--- Given data Enclosed Below ---

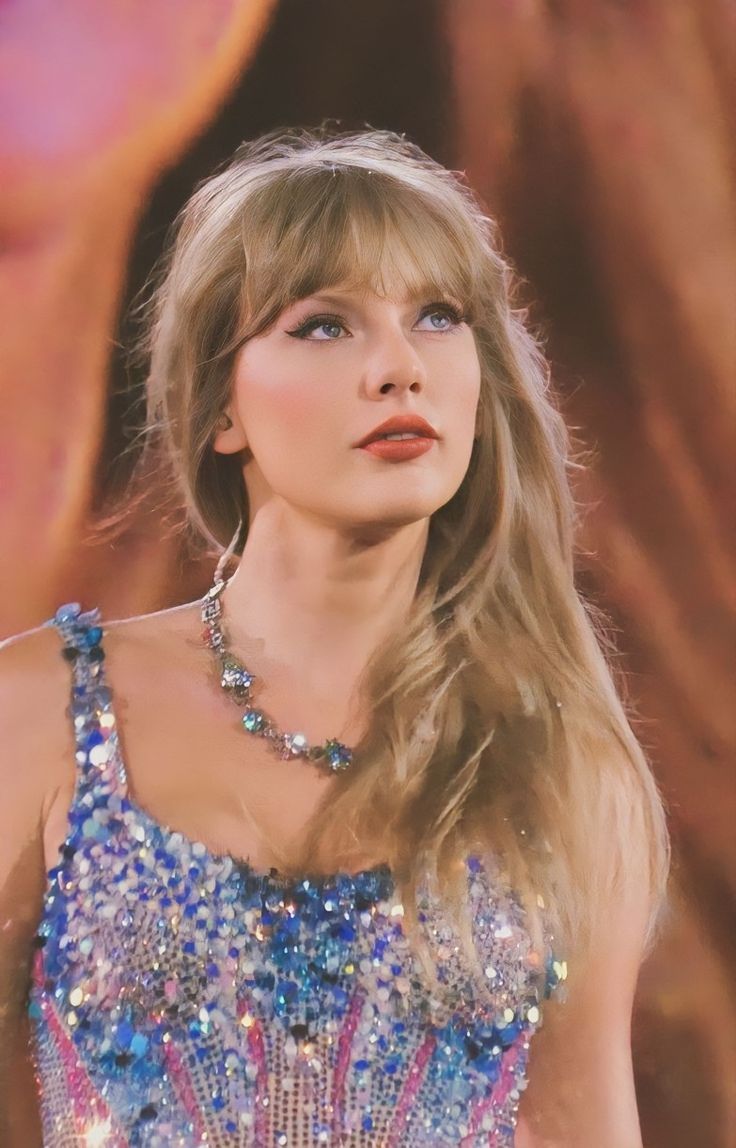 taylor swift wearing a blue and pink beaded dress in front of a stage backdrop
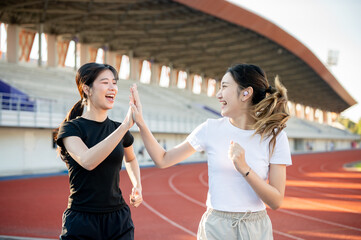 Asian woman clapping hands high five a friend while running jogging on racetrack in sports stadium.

--- End of Enclosed Given data ---
--- Given data Enclosed Below ---

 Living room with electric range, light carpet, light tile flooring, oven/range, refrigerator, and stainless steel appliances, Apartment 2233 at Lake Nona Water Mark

--- End of Enclosed Given data ---

### [Description of the task]
Above are records; repeat only the lines from the line with "taylor swift wearing" through the line with "Asian woman clapping", and leave pictures out.

### [Written answer]
 taylor swift wearing a blue and pink beaded dress in front of a stage backdrop
 Asian woman clapping hands high five a friend while running jogging on racetrack in sports stadium.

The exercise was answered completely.